Virtually a day by day account, the book covers the whole war for the 2nd RWF, who were involved from part way through the retreat from Mons right through until the end of the War (the book in fact covers right up until June 1919). It is eye-opening to compare how much time they spent in the line, particularly in dangerous sectors or during offensives, with the time out of the line. The battalion was involved in several key battles, including Loos (September 1915), the Somme (High Wood on 20th July 1916), and Third Ypres in 1917. Each of these is described in some detail, and what comes across most is the confusion, the rapidly changing situation and the danger that attended such battles.

The book is written in a quite unemotional way (casualties are mostly recorded dispassionately almost as a footnote), but there are many elements of considerable human interest. More than official regimental histories (which again Dunn felt did not wholly portray the War he and the battalion had experienced), this is an account of the men and particularly the officers who fought in it, warts and all.

Edmund Blunden: Undertones of War

Edmund Blunden was a poet who enlisted in the Royal Sussex regiment in 1915. He is not as well known as Owen, Graves or Sassoon, but like the latter two he published his experiences of the Great War some 12 years aftewr the war had ended (in his case in 1930). The volume was printed complete with an Appendix containing 32 of his war poems, which are also present in modern editions).

Blunden's war experiences led him initially to Festubert, and he also served near Cuinchy (well known to Robert Graves). He was involved in a diversionary attack during the early sdtages of the Somme, and subsequently in Septmber 1916 his battalion was moved to the Somme and saw action near the river Ancre. Later, Blunden also served in the Ypres salient, and finished the war with a Military Cross won on the Somme.

For me, the book was an interesting read, but not as immediate as Goodbye to All That (perhaps as a result of the latter having been written in something of a rush by Graves), or as atmospheric as the Sassoon's George Sherston trilogy. However, Undertones of War is still a worthwhile read for those interested in accounts of those who seerved in the Great War.

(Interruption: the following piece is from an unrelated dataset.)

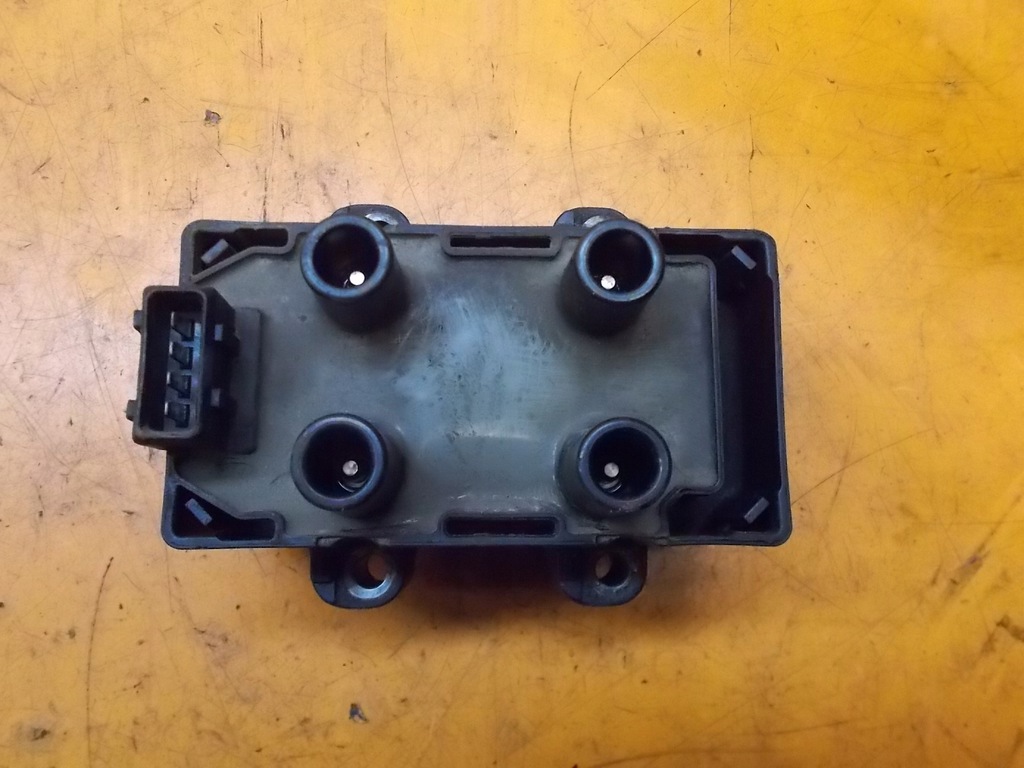 фото №1, Катушка зажигания renault clio ii 1.2 2526078a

H. S. Clapham: Mud and Khaki

Originally published in the 1930s and now reprinted by Naval & Military Press, this is a good account of the realities of trench warfare.

The book is not filled with momentous incidents, and perhaps Clapham is not as accomplished an author as some of those who published accounts of their experiences, but this book for me had something some others have not.

What it does extremely well is to describe the mixture of the monotony for the ordinary soldier - in and out of the trenches, working parties, sentry duty and so on - and the extreme danger that they often faced. It must have been hard to continually perform these mundane duties whilst also remembering that a wrong move or carelessness could mean a wound or death.

Clapham was a soldier in the 1st Honourable Artillery Company, and his account begins in January 1915 at Kemmel. The narrative is in the form of a diary of events, with dates recorded and several days activities described under each date.

Clapham spent the majority of his time in the Ypres Salient, and his record of the conditions at Hooge, St. Eloi, Sanctuary Wood and the devastation of Ypres itself are fascinating reading. His battalion was actually based in dugouts within the ramparts of Ypres on occasion, and although the exact location is not clear, those who have visited the city and walked around the ramparts between the Menin and Lille Gates must have passed the location of these dugouts.

The book covers only until October 1915, but is a detailed account of the experiences of one man and his fellow soldiers during those ten months, and I think a valuable book for those interested in the real day to day experiences of the 'Other Ranks' in the Great War.